┌─ Extracted records

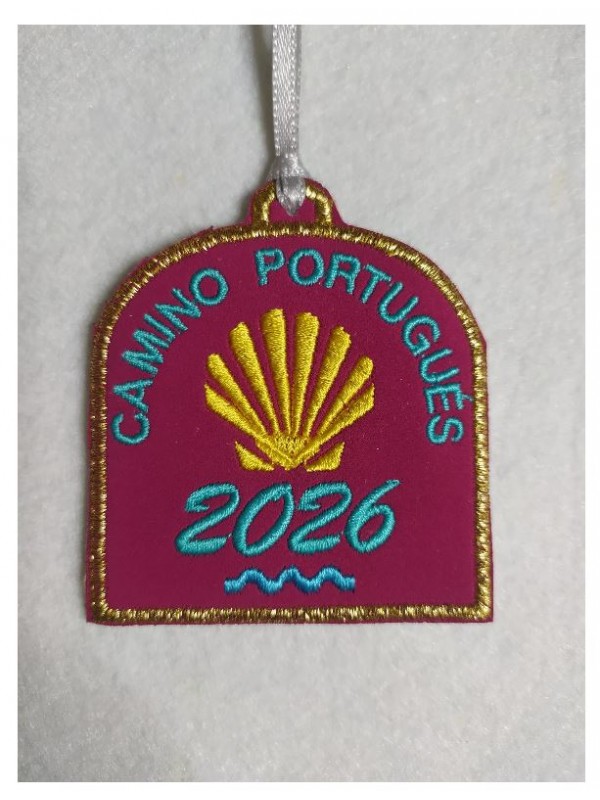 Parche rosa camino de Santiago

└─
┌─ Extracted records

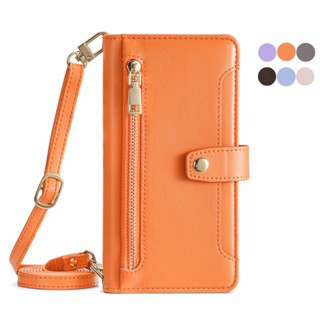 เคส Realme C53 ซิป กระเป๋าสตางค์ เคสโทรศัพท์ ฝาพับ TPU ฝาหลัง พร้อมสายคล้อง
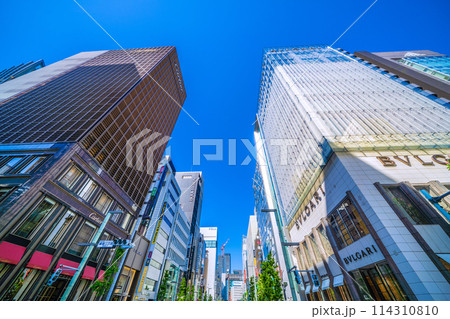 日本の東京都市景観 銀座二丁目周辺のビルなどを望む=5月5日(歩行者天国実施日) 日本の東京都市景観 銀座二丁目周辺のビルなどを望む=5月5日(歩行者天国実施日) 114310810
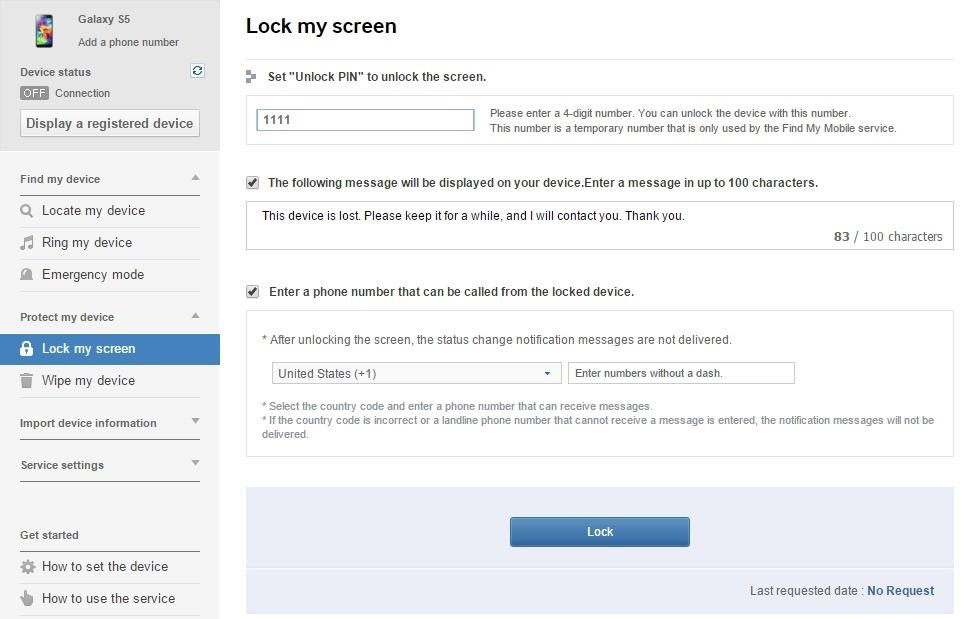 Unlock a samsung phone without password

└─
┌─ Extracted records

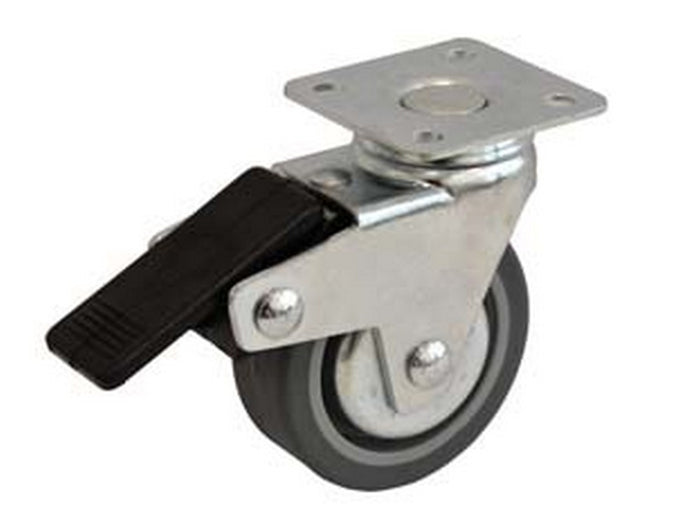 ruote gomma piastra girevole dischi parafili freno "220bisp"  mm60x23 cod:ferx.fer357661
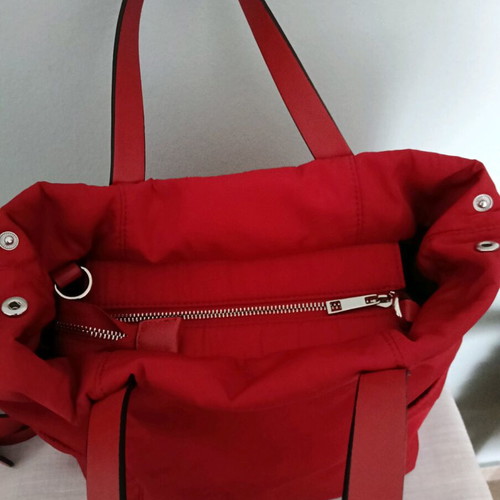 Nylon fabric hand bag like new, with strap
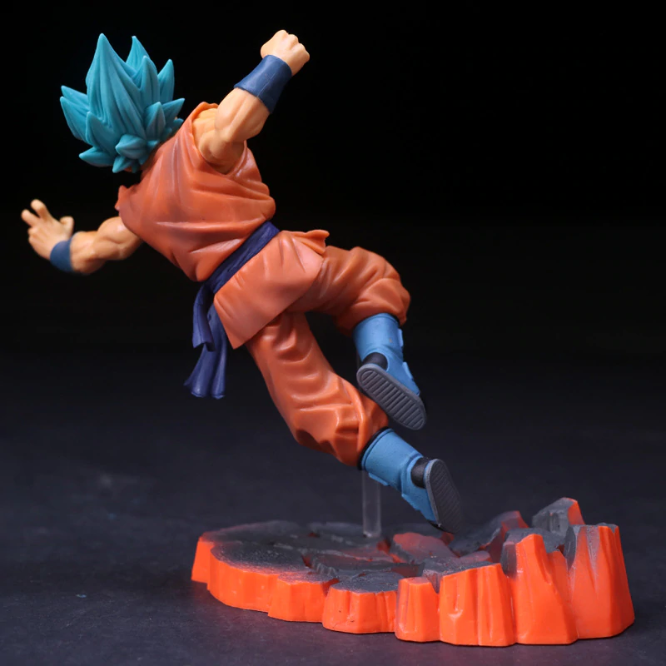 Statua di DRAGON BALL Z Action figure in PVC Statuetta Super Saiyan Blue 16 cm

└─

Output exactly those lines of the data above that run from the line with "Nylon fabric hand bag like new, with strap" up to and including the line with "Statua di DRAGON". No pictures go in.

Your solution →
 Nylon fabric hand bag like new, with strap
 Statua di DRAGON BALL Z Action figure in PVC Statuetta Super Saiyan Blue 16 cm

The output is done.